We ended up setting it up at ground level and creating sort of a gravel volcano all around it for a bit of a wind break and my son heated up his dinner on it. LOL It put out some great heat and the burn time was about 12 minutes. The flames were a bit long but not too bad. I think that's where the 16 holes would probably do better, giving it a more efficient flame like the one in your picture. 

Fun to do! And it officially holds the record for my lightest stove. Thanks for the post.


----------



## Deebo (Oct 27, 2012)

Kool that you are teaching him. 
Yes, I haven't made one in quite awhile, but after you do one, it gets easier every time.


----------



## just mike (Jun 25, 2014)

Thanks Deebo, going to build one this weekend and giver it a try. Have to drink a couple of beers first.

Now I have another reason to "make" some alcohol.


----------



## tinkerhell (Oct 8, 2014)

I love these stoves and have one that works great.

A friend of mine built his with a fiberglass wick ( there are no jets) because he claims that the stoves that have jets will not pressurize if they are sitting on ice or snow. 

I still use this style but it is something to consider.


----------



## Deebo (Oct 27, 2012)

I have access to k-wool now at work, it is an asbestos free blanket that we use to hold heat. Really a lot like muffler insulation, I have thought about making another one. 
As far as not vaporizing or jetting on snow, I don't know, I have a cookie tin that I use to keep the super hot can from burning anything.


----------



## thepeartree (Aug 25, 2014)

I like the idea, but it needs to come with a boatload of warnings. Yes, alcohol stoves are great in many circumstances, but alcohol is tricky. The big danger is that alcohol can burn without any visible flames. That picture shows an alcohol flame that is oxygen-poor. If you have a tent, you could set yourself and all your gear AND your tent on fire.


----------



## Deebo (Oct 27, 2012)

For sure. The flames in picture were when it was first lit. When it starts jetting, it is hot, hot enough to burn a tent down. 
That's why I don't sell them. 
I have some sterno cans with screw on lids that I think would make awesome stoves with alcohol, that look Luke jetboils stove.
I assume no responsibility or credit for the stoves.


----------



## paraquack (Mar 1, 2013)

I'm so glad to see that no one has suggested using grain alcohol.


----------



## thepeartree (Aug 25, 2014)

It's more of a case of assuming that you use it. After all, the goal is to do the most with the least. If having drinking alcohol around worries you, pack Everclear. That way you remove the temptation.


----------



## TacticalCanuck (Aug 5, 2014)

Cant get denatured alcohol in Canada. Yup you read that correctly. This would be an great little project and a great way to get a quick cup of coffe out in the bush - small game season is ON - any other fuel choices for something like this? Im just about to buy an MSR stove.....


----------



## jimb1972 (Nov 12, 2012)

TacticalCanuck said:


> Cant get denatured alcohol in Canada. Yup you read that correctly. This would be an great little project and a great way to get a quick cup of coffe out in the bush - small game season is ON - any other fuel choices for something like this? Im just about to buy an MSR stove.....
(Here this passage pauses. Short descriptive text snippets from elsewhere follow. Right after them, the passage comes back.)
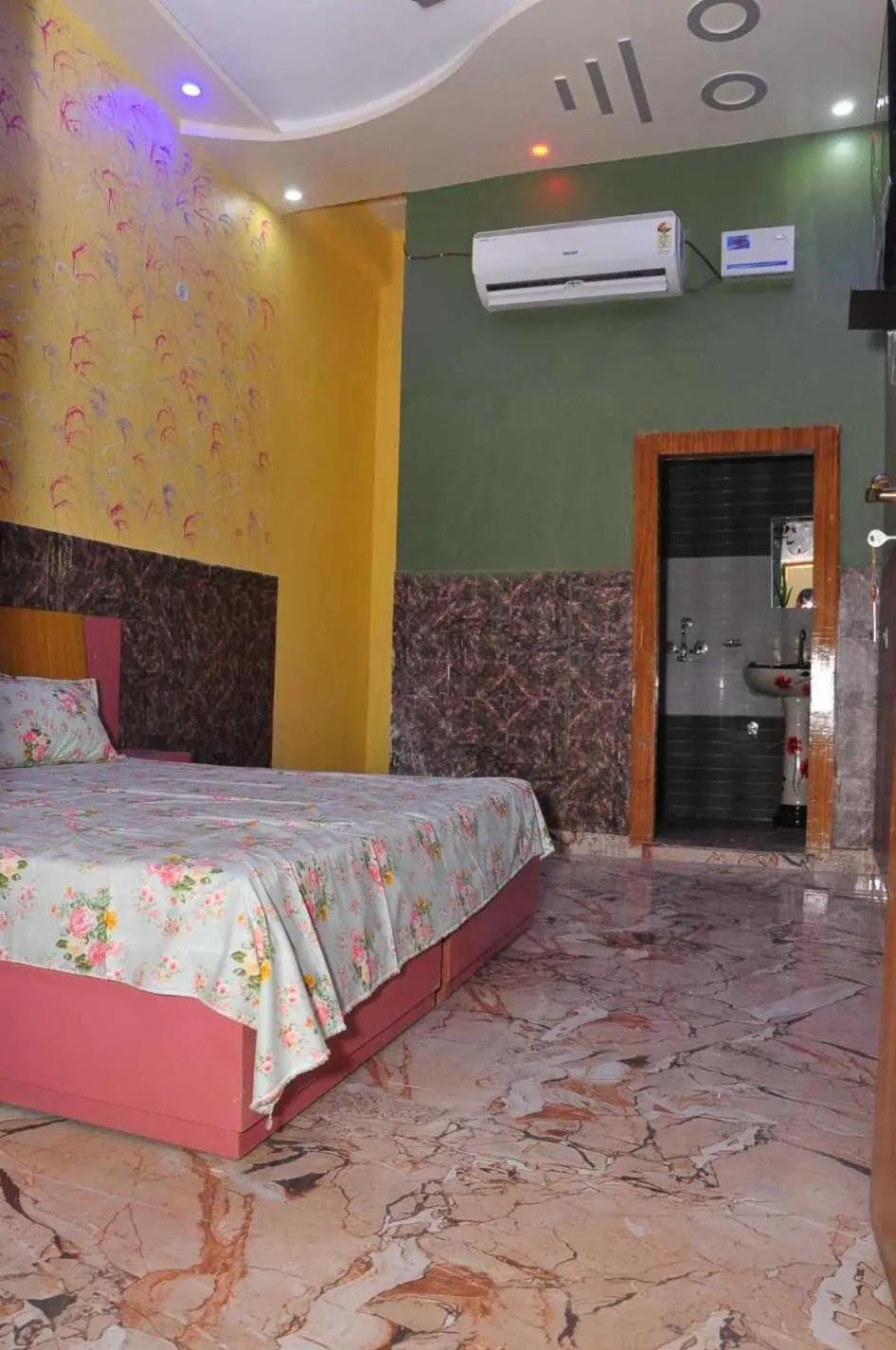 Bedroom in Hotel O Grand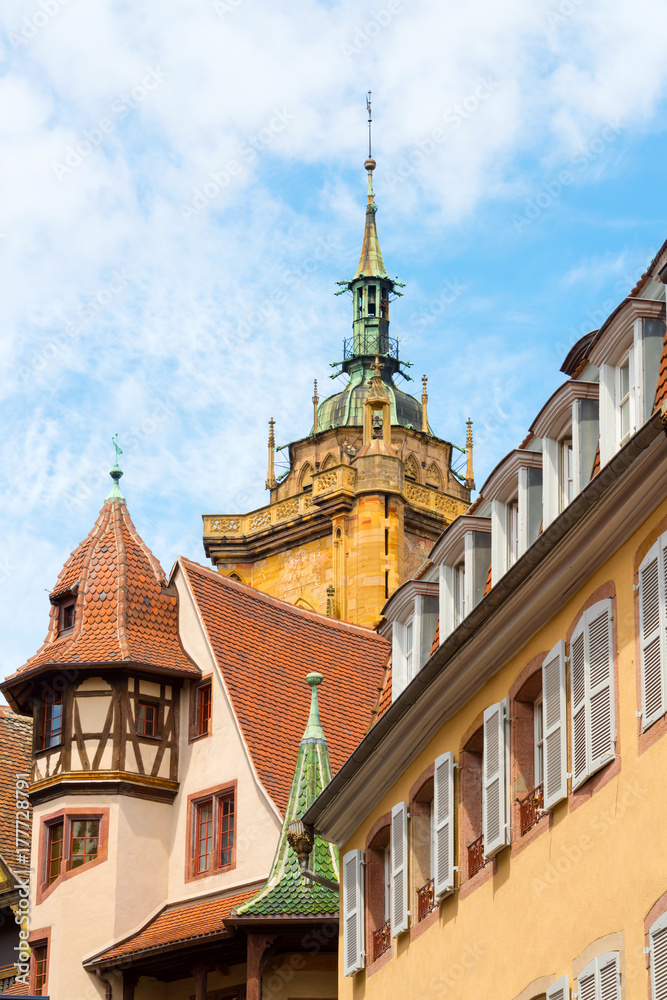 Ansicht einer Häuserfront mit alten Fachwerkhäusern und bunten Fensterläden in der schönen alten französischen Stadt Colmar im Elsass.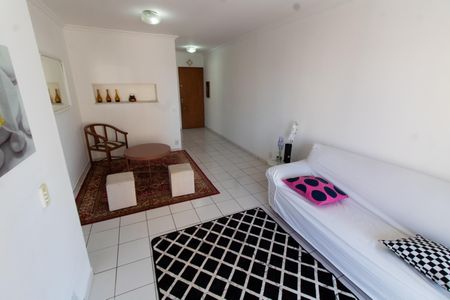 Sala de apartamento para alugar com 3 quartos, 70m² em Parque das Flores, Campinas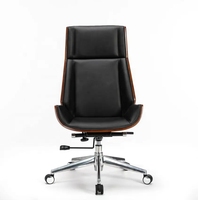 Chaise de bureau de direction en cuir noir à dossier haut, ergonomique, pivotante, avec piètement en bois de noyer courbé et hauteur réglable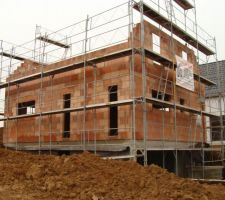 La terre a été remblayée et l'échafaudage a été mis en place.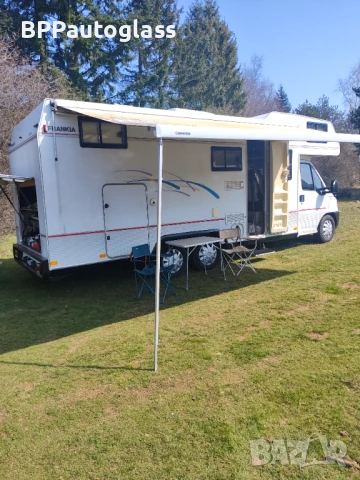 Продавам кемпер Фиат Франкия, снимка 8 - Каравани и кемпери - 53867574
Bacardi 151 might work, 180 proof evefrclear would work.


----------



## PaulS (Mar 11, 2013)

Any alcohol over 140 proof will work in a stove. That is 70% alcohol by volume.


----------



## TacticalCanuck (Aug 5, 2014)

To burn my bacardi would be sacreligious!


----------



## tinkerhell (Oct 8, 2014)

TacticalCanuck said:


> Cant get denatured alcohol in Canada. Yup you read that correctly. This would be an great little project and a great way to get a quick cup of coffe out in the bush - small game season is ON - any other fuel choices for something like this? Im just about to buy an MSR stove.....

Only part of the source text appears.